Pour les articles homonymes, voir Zabriskie Point.

Zabriskie Point
Titre original Zabriskie Point
Réalisation Michelangelo Antonioni
Acteurs principaux
Sociétés de production Carlo Ponti
Metro Goldwin Mayer
Trianon Productions
Mission Distribution
Pays de production États-Unis
Italie
Genre Drame
Durée 105 minutes
Sortie 1970

Pour plus de détails, voir Fiche technique et Distribution

Le film illustre la contestation étudiante américaine durant la fin des années 1960, ainsi que la libération sexuelle propre à ces années. Il s'inscrit dans la suite de films tels que Easy Rider de Dennis Hopper. Très contesté par l'Amérique puritaine — ce qui occasionne pendant le tournage de nombreux incidents avec des militants pro-Nixon — le film est également critiqué à gauche pour son approche, jugée caricaturale, de la contre-culture de l'époque. Mal accueilli par la critique, Zabriskie Point est un échec commercial à sa sortie : il influence cependant l'esthétique du cinéma américain des années 1970.

La bande originale est notamment composée, en partie, par le groupe Pink Floyd. C'est la deuxième collaboration entre Michelangelo Antonioni et le producteur Carlo Ponti, après le succès de Blow-Up (Palme d'or en 1967), et avant celui de Profession : reporter en 1975.

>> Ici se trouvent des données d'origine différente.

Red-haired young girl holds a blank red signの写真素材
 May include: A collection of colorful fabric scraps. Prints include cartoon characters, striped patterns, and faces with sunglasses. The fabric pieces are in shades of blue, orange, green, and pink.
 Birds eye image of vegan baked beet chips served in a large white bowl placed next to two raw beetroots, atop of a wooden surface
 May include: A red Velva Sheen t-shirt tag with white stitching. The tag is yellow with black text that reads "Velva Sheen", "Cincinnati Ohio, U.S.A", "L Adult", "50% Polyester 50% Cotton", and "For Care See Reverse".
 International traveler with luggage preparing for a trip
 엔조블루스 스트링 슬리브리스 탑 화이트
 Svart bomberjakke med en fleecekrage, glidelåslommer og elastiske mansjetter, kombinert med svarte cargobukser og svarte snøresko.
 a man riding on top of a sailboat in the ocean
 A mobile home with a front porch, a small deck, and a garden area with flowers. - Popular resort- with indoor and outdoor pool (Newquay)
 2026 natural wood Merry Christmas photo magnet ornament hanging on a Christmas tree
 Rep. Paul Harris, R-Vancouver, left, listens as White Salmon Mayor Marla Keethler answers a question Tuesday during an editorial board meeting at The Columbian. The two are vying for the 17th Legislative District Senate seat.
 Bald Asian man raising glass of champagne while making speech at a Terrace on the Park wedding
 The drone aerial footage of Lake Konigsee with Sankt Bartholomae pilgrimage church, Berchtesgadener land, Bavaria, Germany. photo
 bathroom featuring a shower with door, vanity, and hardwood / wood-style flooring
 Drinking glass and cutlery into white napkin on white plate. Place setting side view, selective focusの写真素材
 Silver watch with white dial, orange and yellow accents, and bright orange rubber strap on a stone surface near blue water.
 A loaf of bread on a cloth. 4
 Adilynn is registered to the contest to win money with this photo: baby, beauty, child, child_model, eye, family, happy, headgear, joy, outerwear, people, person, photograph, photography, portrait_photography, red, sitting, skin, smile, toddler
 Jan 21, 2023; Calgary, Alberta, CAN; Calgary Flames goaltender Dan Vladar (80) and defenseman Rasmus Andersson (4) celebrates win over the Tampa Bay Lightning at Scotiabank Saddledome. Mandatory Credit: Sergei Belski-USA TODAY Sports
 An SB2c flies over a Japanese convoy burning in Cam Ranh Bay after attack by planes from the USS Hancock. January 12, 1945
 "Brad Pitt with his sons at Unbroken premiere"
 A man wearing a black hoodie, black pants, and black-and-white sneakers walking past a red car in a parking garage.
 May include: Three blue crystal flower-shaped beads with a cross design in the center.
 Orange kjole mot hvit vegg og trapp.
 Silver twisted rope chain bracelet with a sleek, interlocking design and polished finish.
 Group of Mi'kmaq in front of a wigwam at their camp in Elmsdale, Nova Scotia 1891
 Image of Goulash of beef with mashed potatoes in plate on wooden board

Le film raconte la rencontre entre une étudiante idéaliste et un militant plus radical dans la vallée de la Mort, pendant les troubles étudiants des années 1960 aux États-Unis.

Synopsis

La première scène consiste en une assemblée générale étudiante. Chacun expose ses arguments selon la méthode à utiliser, au-milieu de trois leaders: une fille avec les cheveux bouclés, un noir-américain et un brun aux cheveux lisses. L'occupation de la fac est décidée et la lutte armée est la solution qui se dégage, mais on n'a pas le temps de voir l'assemblée jusqu'au bout. Un jeune homme, Mark, se lève et déclare « Je suis prêt à mourir pour la révolution, mais je ne suis pas prêt à mourir d'ennui ». Cela suscite l'indignation dans l'assistance, qui pense qu'on ne peut arriver à rien sans parler et former des groupes.

Tandis que la contestation grandit dans les milieux universitaires de Los Angeles, Mark achète un revolver, avec un de ses amis, en faisant croire au marchand d'armes qu'ils ont peur de Noirs qui habitent près de chez eux. Le vendeur d'armes leur dit : « Les lois disent qu'on peut tuer des gens que s'ils essaient de pénétrer dans vos propriétés. Donc, si vous tuez un Noir, ramenez-le devant chez vous ». Les deux étudiants ne bronchent pas, et font semblant d'adhérer aux idées du marchand. Mark va ensuite voir un de ses amis en garde à vue par une porte dérobée de la prison. Un policier le voit et le fait mettre en garde à vue lui aussi. Quand on lui demande son identité, il répond « Karl Marx », suscitant l'hilarité chez les jeunes. Le policier le croit et écrit « Carl Marx » sur le dossier. Sorti, Mark rejoint la grève étudiante. Le lieu où les derniers leaders étudiants sont retranchés est pris d'assaut par la police. Une fusillade éclate alors, au cours de laquelle un étudiant noir est froidement abattu par un policier. Mark sort immédiatement son pistolet et s'apprête à riposter, mais quelqu'un tire avant lui. Le policier est tué. Craignant d'être poursuivi pour un meurtre qu'il n'a pas commis, car il a été enregistré par des caméras de surveillance lorsqu'il s'enfuyait, Mark vole un petit avion de tourisme, le Lilly 7. Il survole la route qui mène à la vallée de la Mort.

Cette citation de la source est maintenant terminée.